Ana içeriğe atla

Kur'an ve Samiler -V-

Kuran’da Üzeyir’in kimliği Samilerin izlerini takip etmek bakımından ilginç bir örnektir. Tevbe suresinde (9/30) Yahudilerin, Üzeyir peygamber hakkında şöyle dediği zikredilmektedir:

·       “Yahudiler: "Üzeyir, Allah'ın oğludur." dediler. (وَقَالَتِ الْيَهُودُ عُزَيْرٌۨ ابْنُ اللّٰهِ) Hıristiyanlar da: "Mesih Allah'ın oğludur." dediler. Bu, onların ağızlarıyla geveledikleri sözleridir..”

Ayette Hz. İsa’nın Hristiyanlar tarafından “Allah’ın oğlu” olarak nitelenmesinde hiçbir kuşku yoktur. Ancak Üzeyr için dile getirilen aynı niteleme en azından Yahudilerin kutsal metinleri Eski Ahit, Mişna, Talmud ve otorite kabul edilen diğer kaynaklar tarafından doğrulanmamaktadır. Bilinen hiçbir Yahudi mezhebinde de Hıristiyanlıkta olduğu gibi Allah'a oğul isnat etme inancı bulunmamaktadır.

Her şeyden önce, Yahudi teolojisi böyle bir inanca izin vermemektedir. Zira geleneksel Yahudi inancına göre, Tanrı mutlak olarak birdir. Onun bir şekli olmadığı gibi o hiçbir şeye de benzemez ve tanrısal sıfat kazanamaz. Peygamberler de buna dahildir. Peygamberler, sadece Tanrı'nın sözünü tebliğ eden kişilerdir. Onlar, diğer insanlar gibi zaman zaman günah işleyebilirler ve peygamberlik dışındaki hayatlarında günahsızlıkları yoktur. Peygamberlerin en büyüğü ve en üstünü olan Hz. Musa bile günah işlemiş ve bu günahı nedeniyle İsrailoğullarına vaat edilen kutsal topraklara girmekten mahrum bırakılmıştır.

Öte yandan Yahudilikte “Allah’ın oğlu” inancı olsaydı Yahudi ruhbanlar Hz. İsa'nın Tanrı'nın oğlu olduğuna inanan Hıristiyanları eleştirmezlerdi. Nitekim Yuhanna İncili'nde, Yahudilerin İsa'nın bu yöndeki sözlerine şiddetle karşı çıktıkları belirtilir. (Bk. Yuhanna, 10: 23-34).
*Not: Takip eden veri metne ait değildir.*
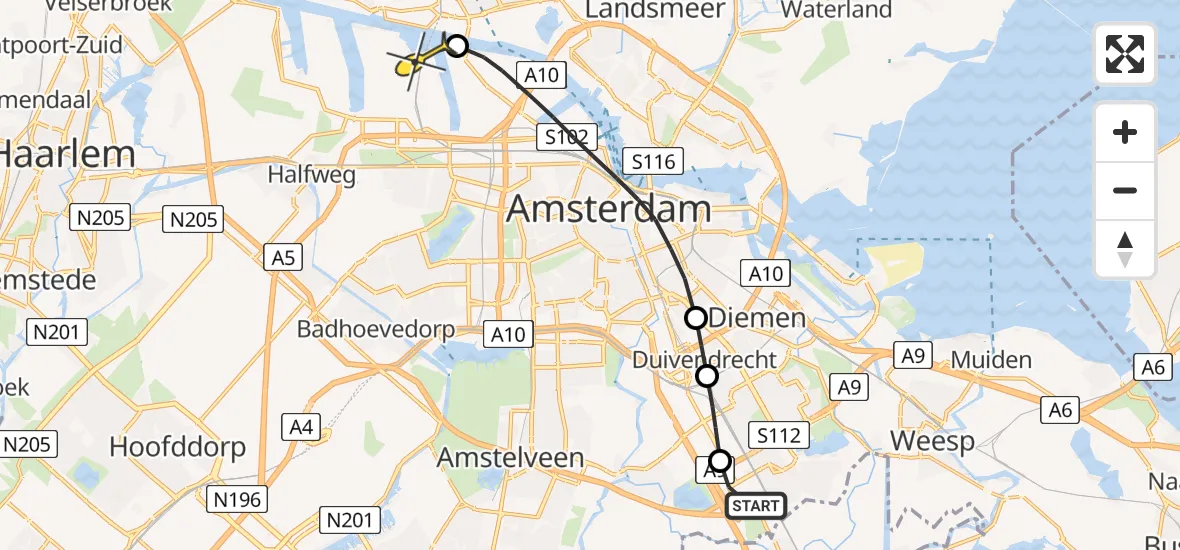 Traumahelikopter Naar Amsterdam Heliport April Nu Nl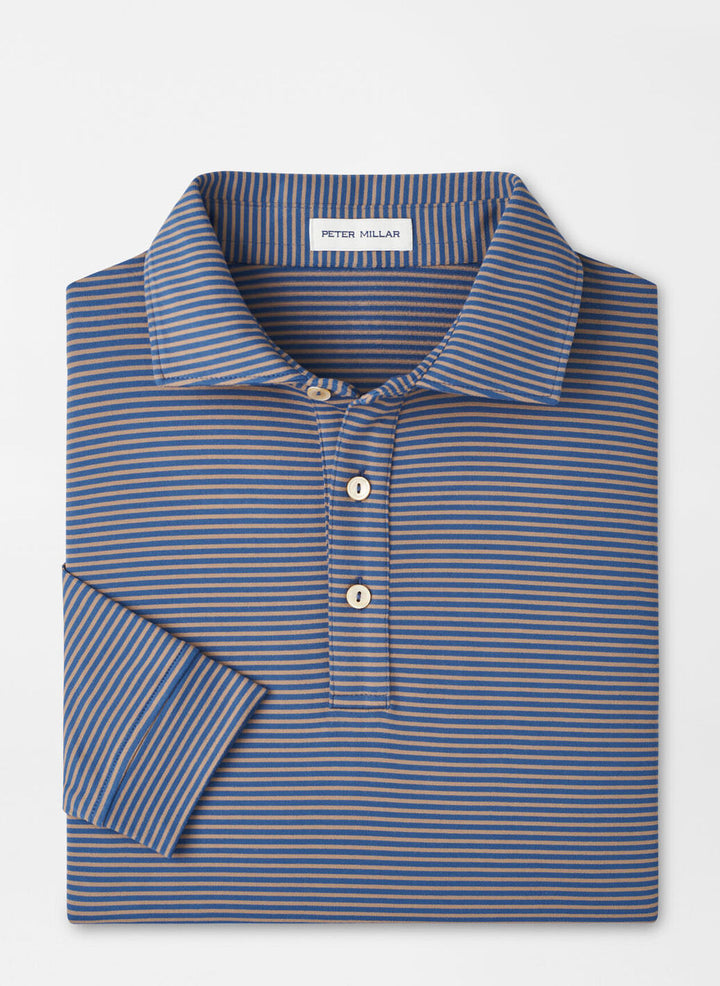 Lyons Long Sleeve Polo-MF25EK81SLS-BLUE HAZE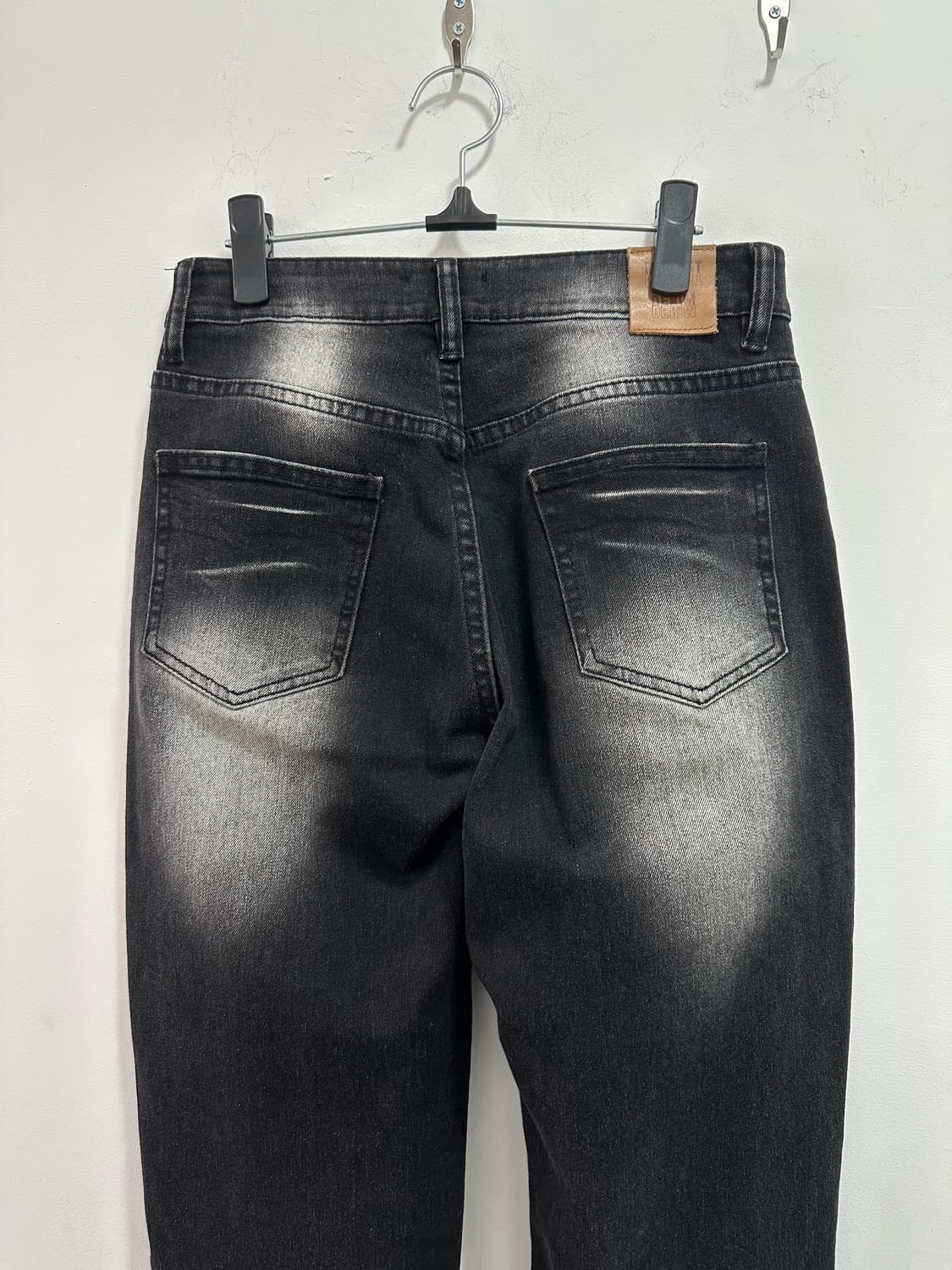 Vintage fade lines black washing flare d 상품이미지9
Peki durum bu iken, Kur'an’ın Hıristiyanlar gibi Yahudileri de Allah'a oğul isnat etmekle suçlamalarını nasıl anlamak ve yorumlamak gerekir? Kur'an'ın verdiği bilgiye göre Yahudilerin Allah'ın oğlu olarak kabul ettikleri kişi Üzeyir'dir. Ancak Kur'an, Üzeyir'in kimliği hakkında açıklayıcı bilgiler vermemektedir. Dolayısıyla, Üzeyir'in kimliği Kur'an'dan anlaşılamamaktadır. Tefsirler başta olmak üzere diğer kaynakların ortaya koyduğu karşılaştırmalı bilgilerden hareketle yaklaşık bir kimlik ortaya çıkarmak mümkündür:

Buna göre Üzeyr’in yaşadığı dönemde İsrailoğulları, Tevrat'ı terk etmiş, doğru yoldan sapmış bunu cezası olarak da Allah, Tevrat'ı ve Ahit sandığını ortadan kaldırmış, hafızalarındaki Tevrat'la ilgili bilgileri silmiştir. İsrailoğulları musibetler içinde sefih bir hayat sürerken  hikmet sahibi, salih bir kul olan Üzeyir bundan derin üzüntü duymuş, Tevrat'ı yeniden göndermesi için Allah'a dua ve niyaz etmeye başlamış, nihayet bir gün gökten bir nur inmiş ve Üzeyir'in kalbine nüfuz etmiştir. Bu nur, Tevrat'ın nuru olup, Üzeyir'in kalbine girmesi ile Tevrat onun belleğinde canlanmış ve Üzeyir Tevrat bilgisini yeniden kazanmıştır. Bu olay neticesinde halkına Tevrat'ın kendilerine yeniden verildiğini müjdeleyen Üzeyir, Yahudilere Tevrat’ı yeniden öğretmiştir. Onun ölümünden sonra sandığın da bulunmasıyla, İsrailoğulları, Üzeyir'in kendilerine öğrettiği Tevrat ile Ahit sandığının içinden çıkan Tevrat nüshasını karşılaştırmış ve ikisi arasındaki uygunluk karşısında hayrete düşmüşlerdir. Bunun üzerine İsrailoğulları, "Üzeyir'e bu bilgi ancak Allah'ın oğlu olduğu için verildiğini söylemişlerdir.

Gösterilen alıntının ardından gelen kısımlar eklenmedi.